### Data shown

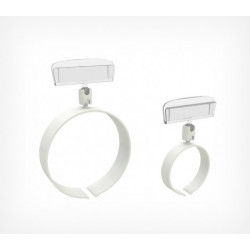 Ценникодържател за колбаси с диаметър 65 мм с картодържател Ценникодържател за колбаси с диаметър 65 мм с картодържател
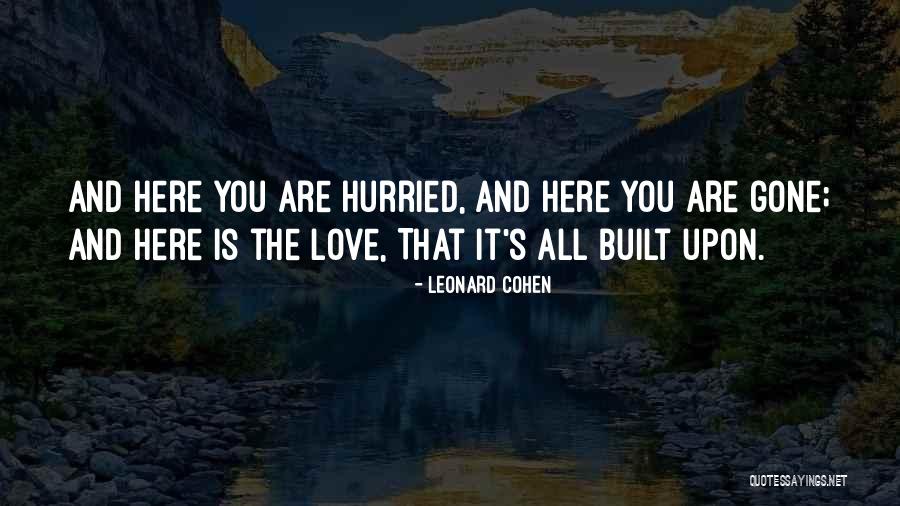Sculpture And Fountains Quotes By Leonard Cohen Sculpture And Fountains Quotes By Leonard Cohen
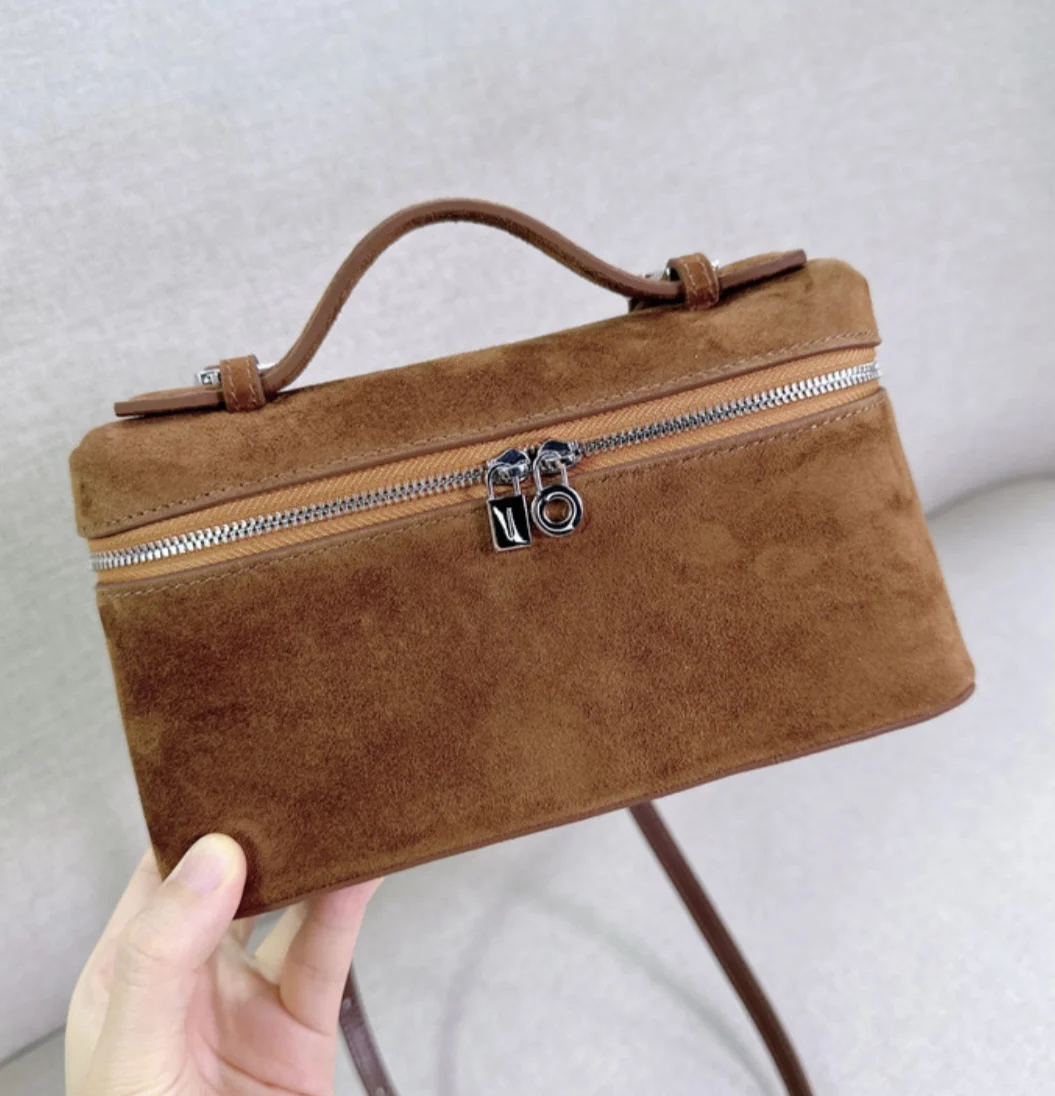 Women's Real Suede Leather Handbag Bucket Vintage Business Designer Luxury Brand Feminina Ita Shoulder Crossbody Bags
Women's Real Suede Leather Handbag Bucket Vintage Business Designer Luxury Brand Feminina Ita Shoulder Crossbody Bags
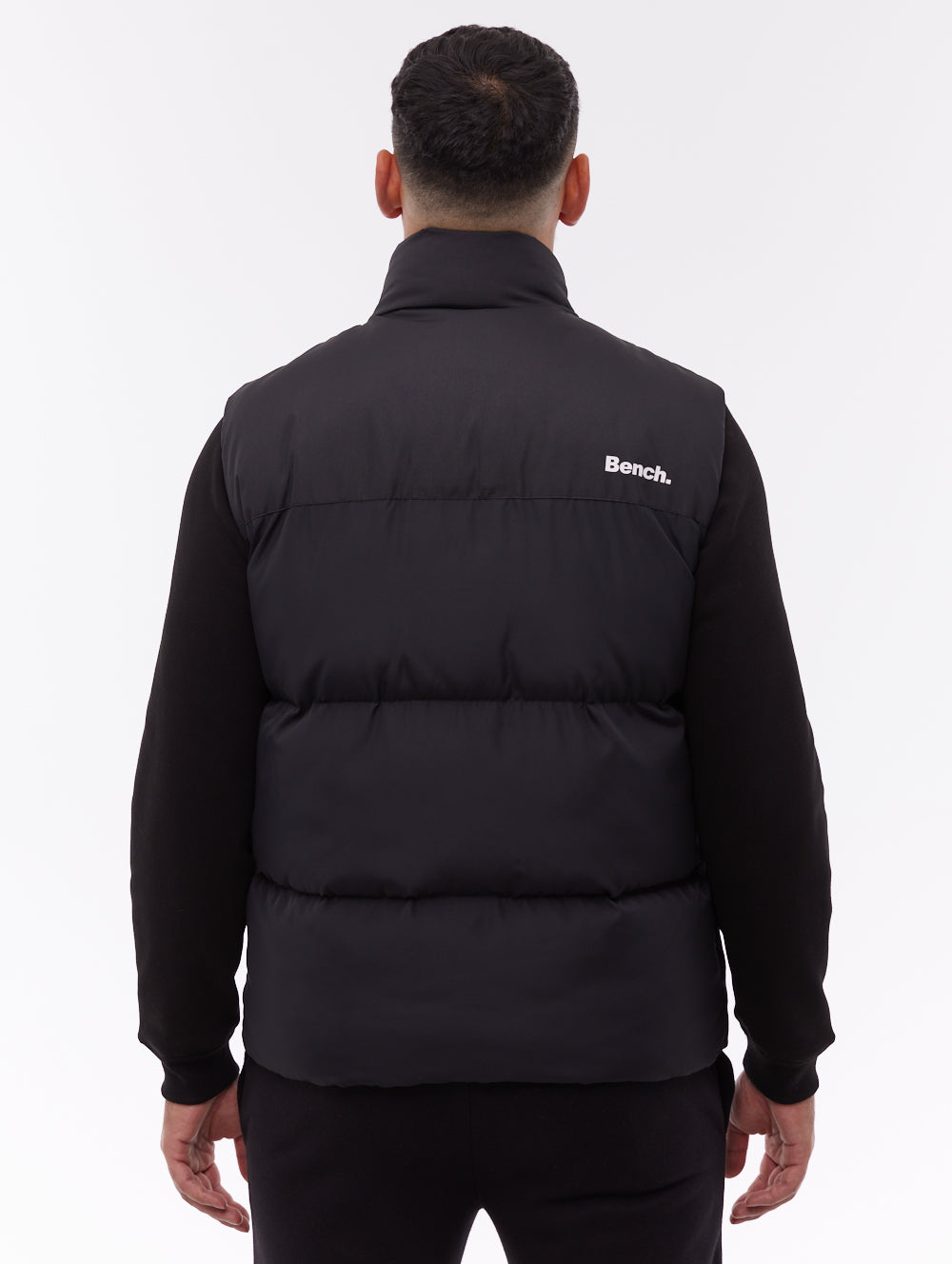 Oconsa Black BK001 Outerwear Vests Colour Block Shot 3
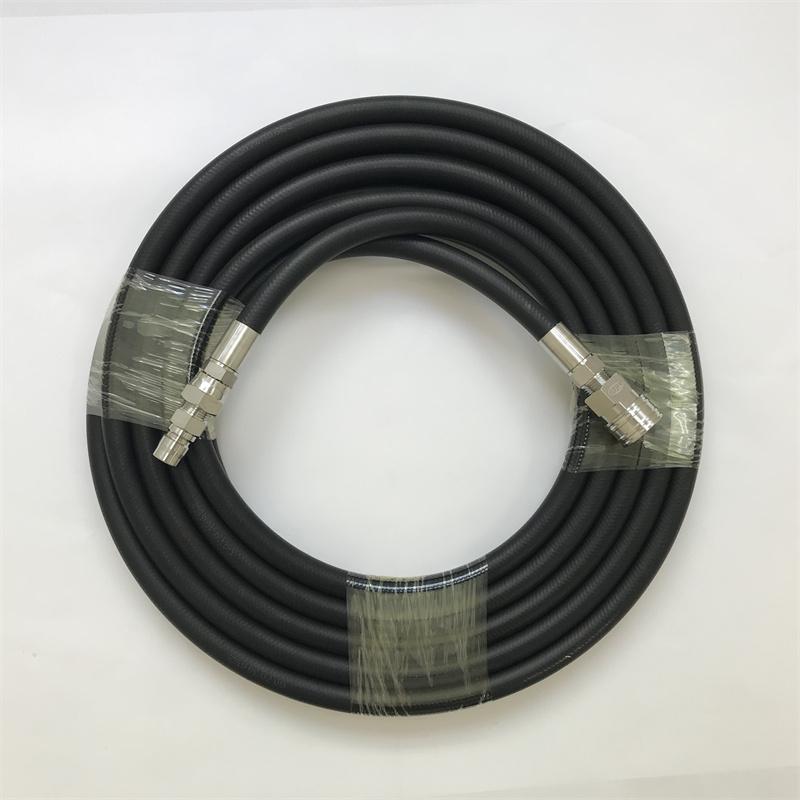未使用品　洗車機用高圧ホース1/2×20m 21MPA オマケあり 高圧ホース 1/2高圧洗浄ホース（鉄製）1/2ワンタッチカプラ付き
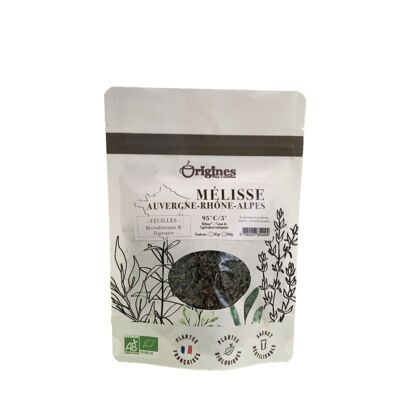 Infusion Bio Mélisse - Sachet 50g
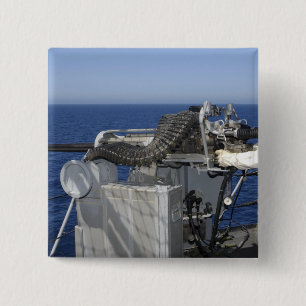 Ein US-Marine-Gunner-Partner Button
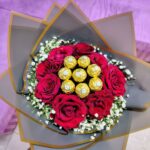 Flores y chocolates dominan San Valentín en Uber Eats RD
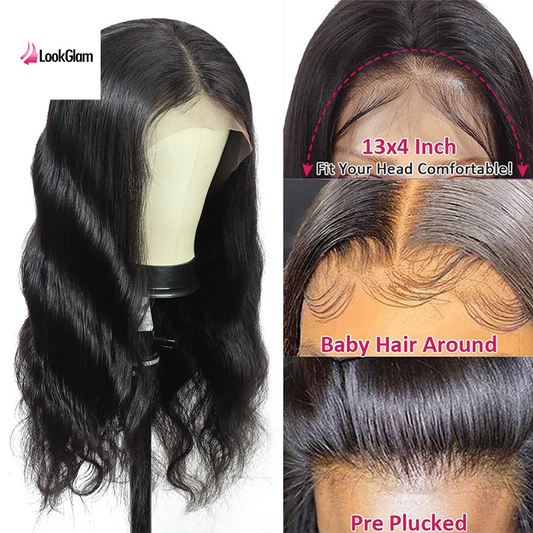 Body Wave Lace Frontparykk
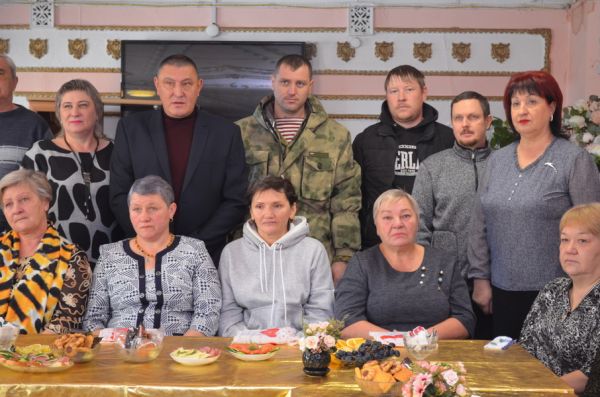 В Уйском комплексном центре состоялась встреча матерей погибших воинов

### Problem description
Begin with the line containing "Oconsa Black BK001" and end with the last line of the material above; return exactly those lines, both ends included, and omit all pictures.

### Response below
 Oconsa Black BK001 Outerwear Vests Colour Block Shot 3
未使用品　洗車機用高圧ホース1/2×20m 21MPA オマケあり 高圧ホース 1/2高圧洗浄ホース（鉄製）1/2ワンタッチカプラ付き
 Infusion Bio Mélisse - Sachet 50g
 Ein US-Marine-Gunner-Partner Button
 Flores y chocolates dominan San Valentín en Uber Eats RD
 Body Wave Lace Frontparykk
 В Уйском комплексном центре состоялась встреча матерей погибших воинов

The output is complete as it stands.